While Zoom calls can be trialling at the best of times, spare a thought for Adrian Vinken, the chief executive of the Theatre Royal in Plymouth. Last Monday Vinken made a call no director wants to make – informing his 240 strong staff that one third of them are at risk.
Vinken’s audience ranged from “people who’d worked for us 30 years and given us everything,” to young workers who had been appointed only recently. “It hurt like hell,” Vinken said.
As for Oliver Dowden’s cultural roadmap, entirely without target dates or promises of financial assistance, Vinken muses: “It was an entirely pointless exercise.” It seems that Dowden’s roadmap is strongly lacking in direction.

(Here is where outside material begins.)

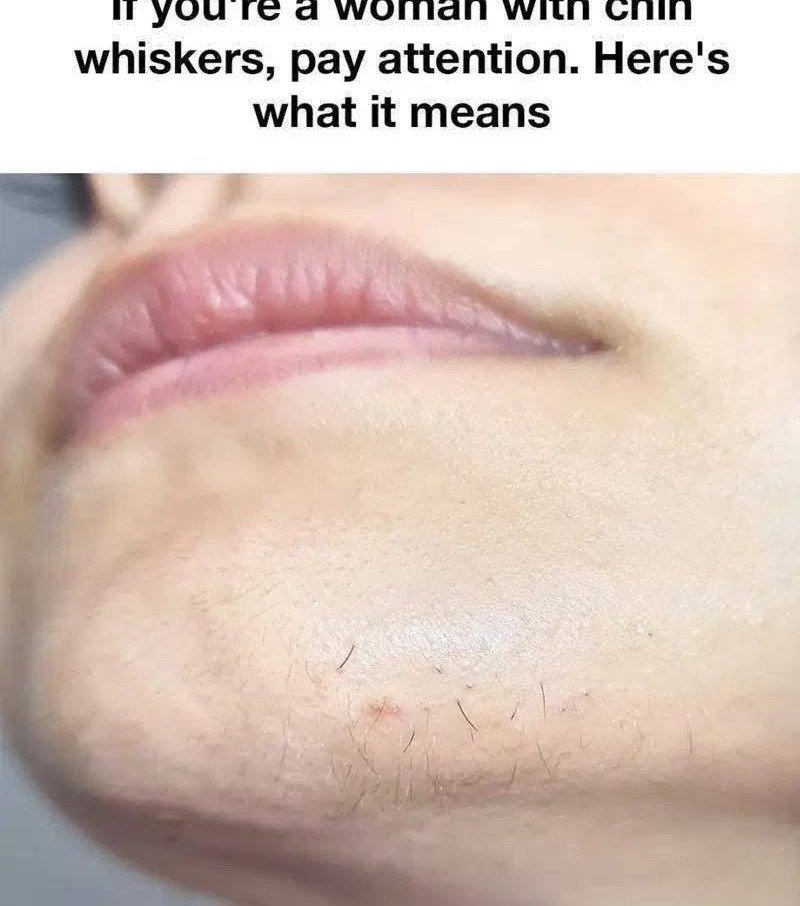 Read more about the article Chin Whiskers in Women — What’s Normal, What’s Not, and How to Navigate It Without Shame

Dowden has continuously promised that a rescue package is well on its way. In an interview with the Evening Standard he promised: “I am not going to stand by and see our world-leading position in arts and culture destroyed.
“Of course I want to get the money flowing,” he continued.
A spokesperson for the culture ministry said that: “We are working with the sector to get it fully back up and running as soon as possible.” A list of questions posed by The New York Times remains unanswered.
For Vinken, government funding is long overdue. If the government fails to put their money where their mouth is, he will have to make more layoffs as early as October. Beyond then, he dreads to think.
However, he hopes intervention will come before then. “You have to have hope, don’t you?” he said. “We’re in show business here. It’s all about turning dreams into reality.”